Description of the task -> All pictures are to be omitted while the lines starting at the line with "Swarovski Swarovski Set" and ending at the line with "Baum und Pferdgarten" in the material below are retyped exactly, both ends included.
==========
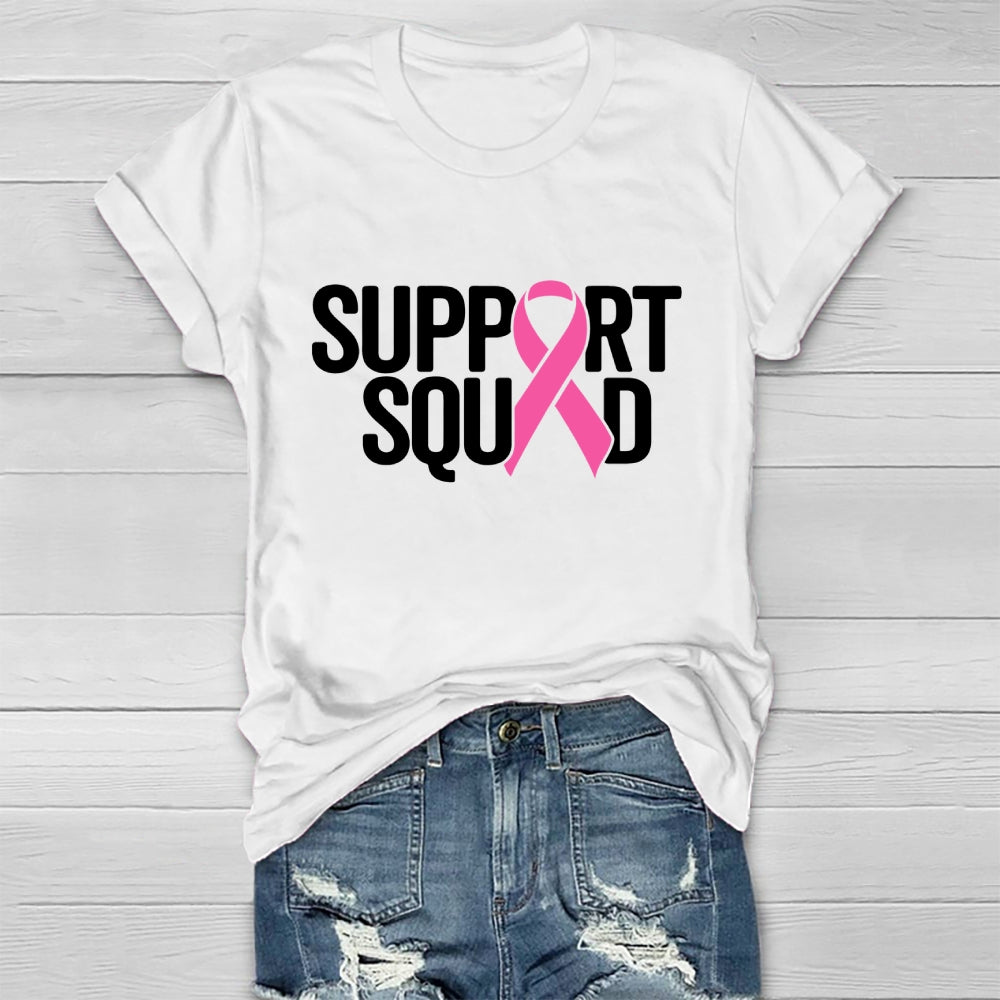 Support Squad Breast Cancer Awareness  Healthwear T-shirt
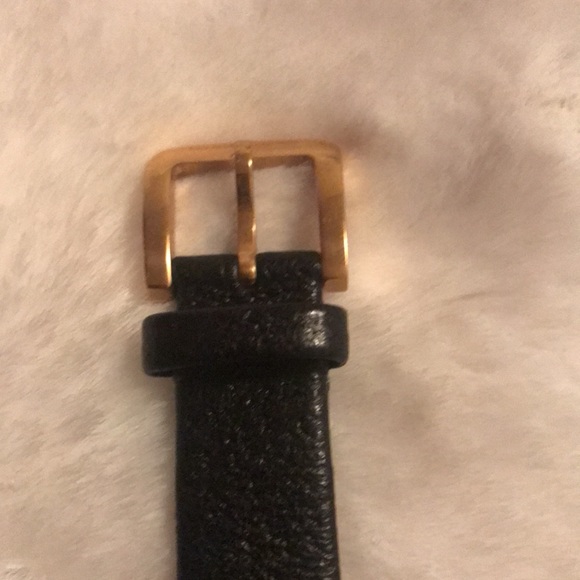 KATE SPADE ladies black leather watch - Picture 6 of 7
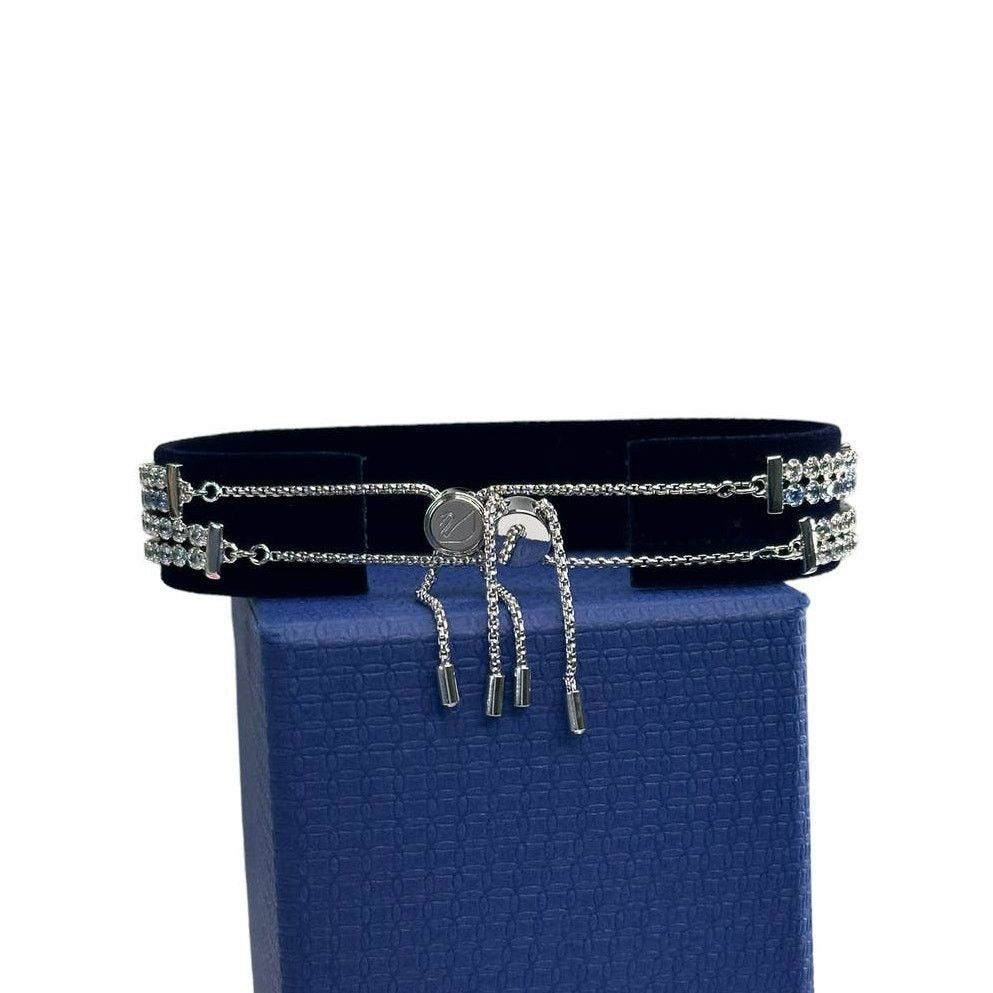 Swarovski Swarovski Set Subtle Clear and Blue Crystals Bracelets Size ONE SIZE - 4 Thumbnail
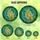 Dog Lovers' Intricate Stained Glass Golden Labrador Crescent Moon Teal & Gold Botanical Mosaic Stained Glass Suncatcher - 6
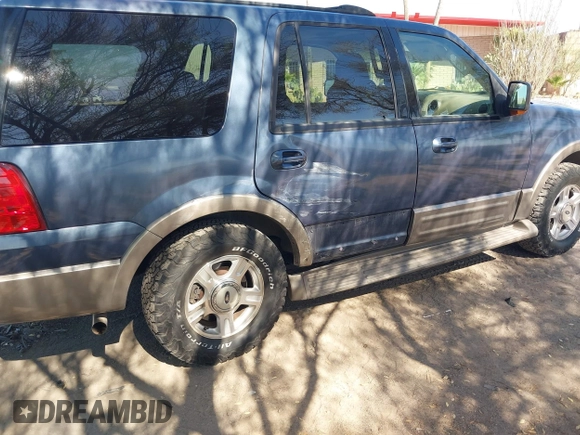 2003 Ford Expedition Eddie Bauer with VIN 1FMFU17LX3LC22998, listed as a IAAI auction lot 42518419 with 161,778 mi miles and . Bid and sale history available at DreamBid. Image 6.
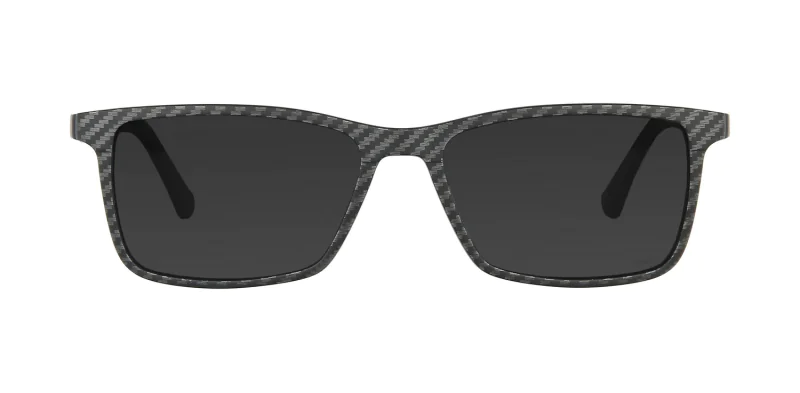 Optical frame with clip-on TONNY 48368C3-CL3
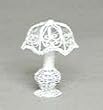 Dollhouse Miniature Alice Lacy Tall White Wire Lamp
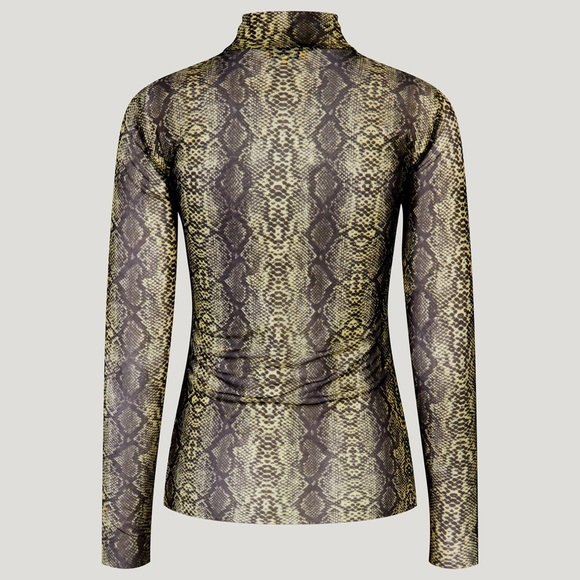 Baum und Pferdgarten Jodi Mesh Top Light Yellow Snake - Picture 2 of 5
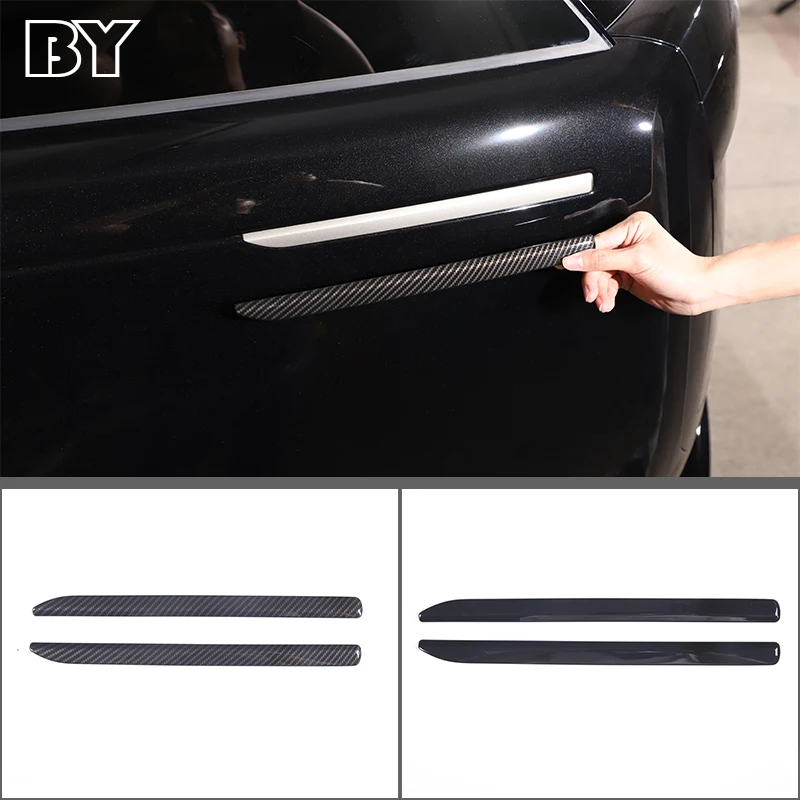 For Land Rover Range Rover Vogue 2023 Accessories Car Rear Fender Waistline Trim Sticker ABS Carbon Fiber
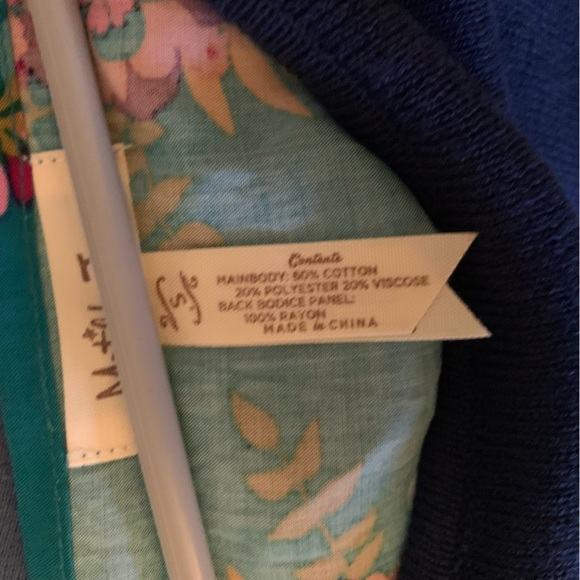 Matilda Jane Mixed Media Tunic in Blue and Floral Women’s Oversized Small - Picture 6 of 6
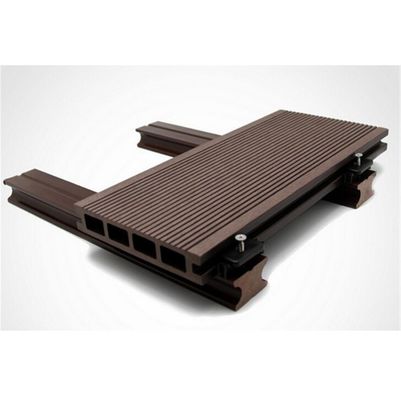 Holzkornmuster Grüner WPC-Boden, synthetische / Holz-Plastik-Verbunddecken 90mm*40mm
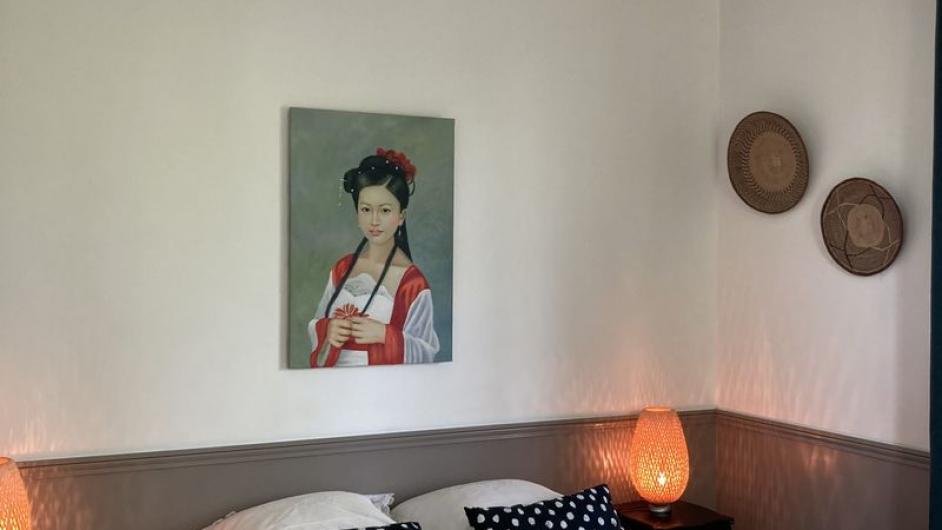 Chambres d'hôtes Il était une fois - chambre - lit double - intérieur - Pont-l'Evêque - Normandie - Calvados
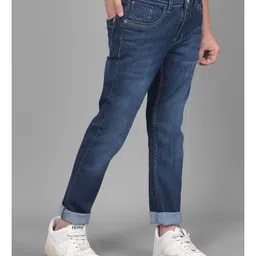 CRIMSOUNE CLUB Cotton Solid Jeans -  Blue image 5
==========
Output for this task ->
 Swarovski Swarovski Set Subtle Clear and Blue Crystals Bracelets Size ONE SIZE - 4 Thumbnail
 Dog Lovers' Intricate Stained Glass Golden Labrador Crescent Moon Teal & Gold Botanical Mosaic Stained Glass Suncatcher - 6
 2003 Ford Expedition Eddie Bauer with VIN 1FMFU17LX3LC22998, listed as a IAAI auction lot 42518419 with 161,778 mi miles and . Bid and sale history available at DreamBid. Image 6.
 Optical frame with clip-on TONNY 48368C3-CL3
 Dollhouse Miniature Alice Lacy Tall White Wire Lamp
 Baum und Pferdgarten Jodi Mesh Top Light Yellow Snake - Picture 2 of 5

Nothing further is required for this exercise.